Your stakeholder or SME may well be right, but you should probe. If this is really a big issue that costs the company money, chances are that data is not as difficult to assemble as the SME thinks. Here are things you can ask to help quantify the problem and its impact on your company:

  • How many chemists are affected by a sales rep’s need to call for technical support?
  • Ask the chemists: In a given week, how many calls or emails from sales reps do you respond to and what are the most common issues? How much time do you spend on this per week – 30 minutes, an hour, 2 hours, etc.
  • Ask a handful of key distributors: How frequently do you ask a sales rep a product question that he or she cannot answer? If he or she cannot answer you immediately, can you quantify any dollar impact to your business? What about your perception of ACME as a supplier?

Ask for the stakeholder to give you a dollar value that they would associate with whatever problem they describe to you. Ask them: Is it worth $10K, $20K, $30K, etc? Why? What benefit will ACME get by implementing this solution?

Sometimes, the act of asking them to assign a value will help the stakeholder or SME realize they need more data before jumping to solution design. After all, the data might help create a better solution!

In truth, if it is worth $10K or less, then you are not looking at a very robust learning solution…and if you are not looking at a robust solution, will you truly affect performance change? Even if a solution is 100% designed, developed, and delivered internally (no vendors), the cost is likely to quickly approach at least $10,000 when we factor in the time for a training person to design and build the solution, the time a SME will spend providing content expertise, and the time all the employees will spend completing the training.

What about innovation?

This is the other element to the “secret sauce” of winning awards You have to go beyond defining a problem and quantifying results. You need to think about how you did it DIFFERENTLY than others have done. How is the solution an advancement in the field? What new approaches does it use that might be a model for others?

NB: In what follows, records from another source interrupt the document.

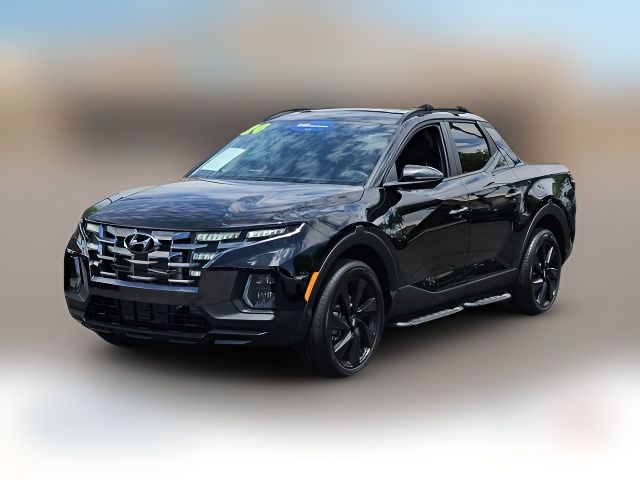 2024 Hyundai Santa Cruz NIGHT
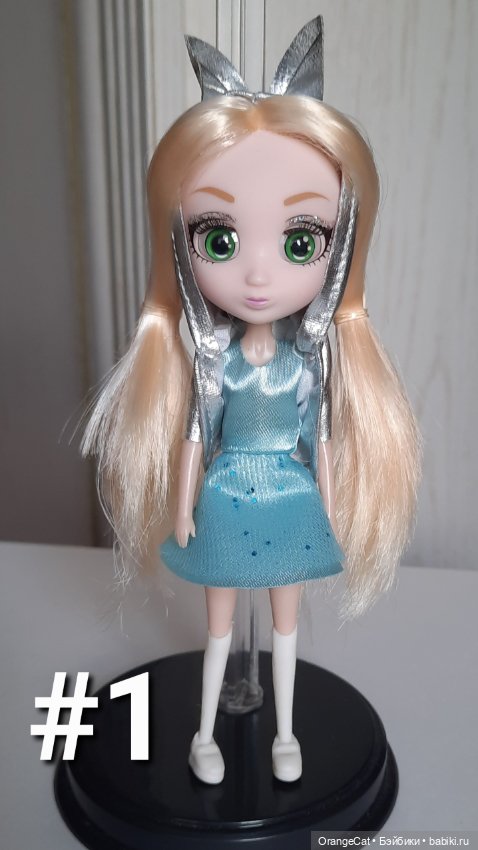 Mini Shibajuku Girls в ассортименте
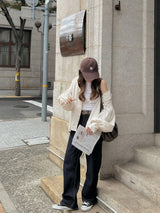 *Noeul.made* Mont Blanc blouse (mom)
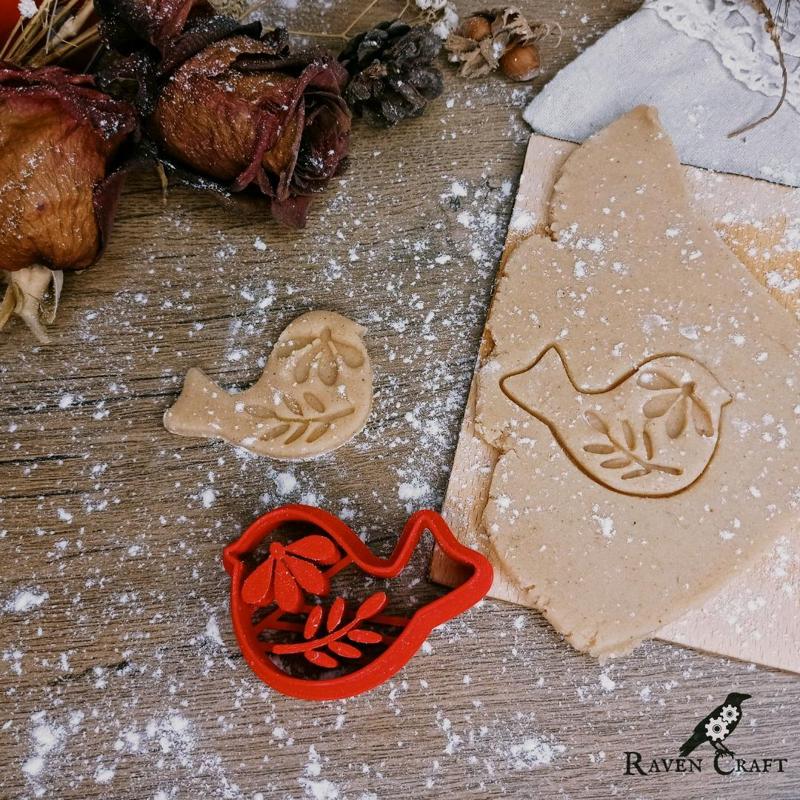 Bird Cookie Cutter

Of course, the “innovation” must be relevant to the topic you are submitting the award for. If you have submitted your project for a “Best Use of Blended Learning” award, but the results of the project are not at all related to the blended learning approach, then your chances of winning are lower, even if the results are good.

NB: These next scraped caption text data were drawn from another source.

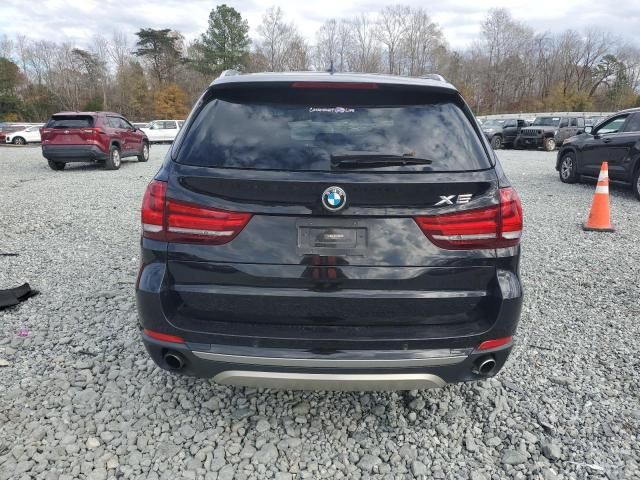 2016 BMW X5 XDRIVE35I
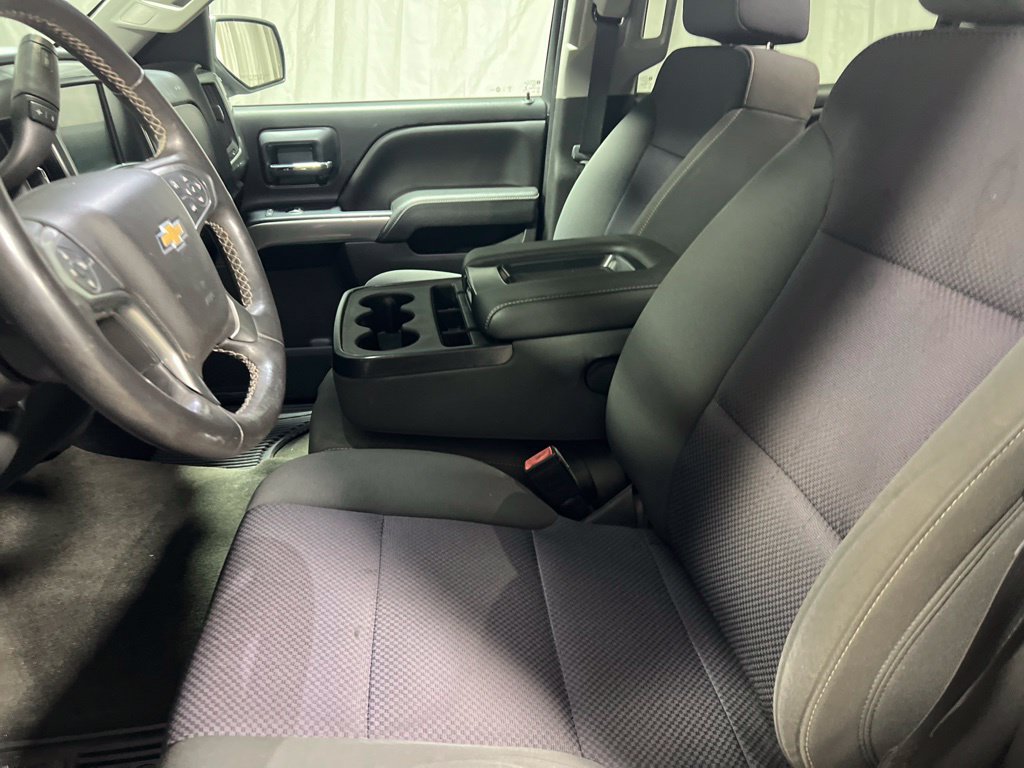 Used 2018 Chevrolet Silverado 1500 LT w/ All Star Edition AWD/4WD image 20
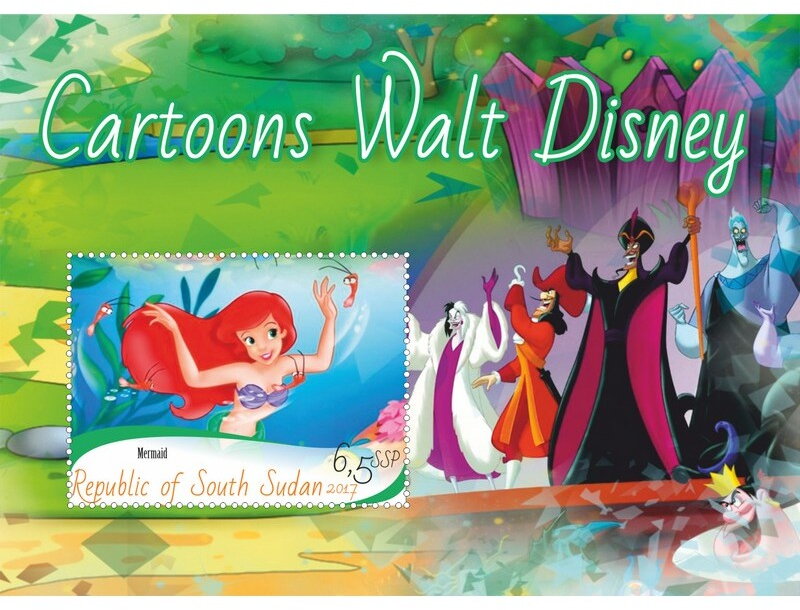 Animation, Cartoons Cartoons Walt Disney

In the award we submitted with Cisco, the “before” problem they identified was a challenge with getting new sales associates to retain large amounts of product and technical information. Through learner surveys and learning objective completion rates, they were able to determine that the spaced repetition built into Knowledge Guru games had a meaningful impact on solving their problem. In this case, the way gaming was connected to learning science was considered “innovative,” and the innovation mattered because it drove results for Cisco.

So, You’re Saying There’s a Chance?

In the end, there’s no guarantee that a particular learning solution will win an award, no matter what organization you submit it to. A small percentage of projects will win any given award, and even fewer will win a “Gold” distinction. Whether you plan to submit your work for awards or not, adopt an award-winning mentality by showing measurable results and using innovative designs and approaches to drive those results.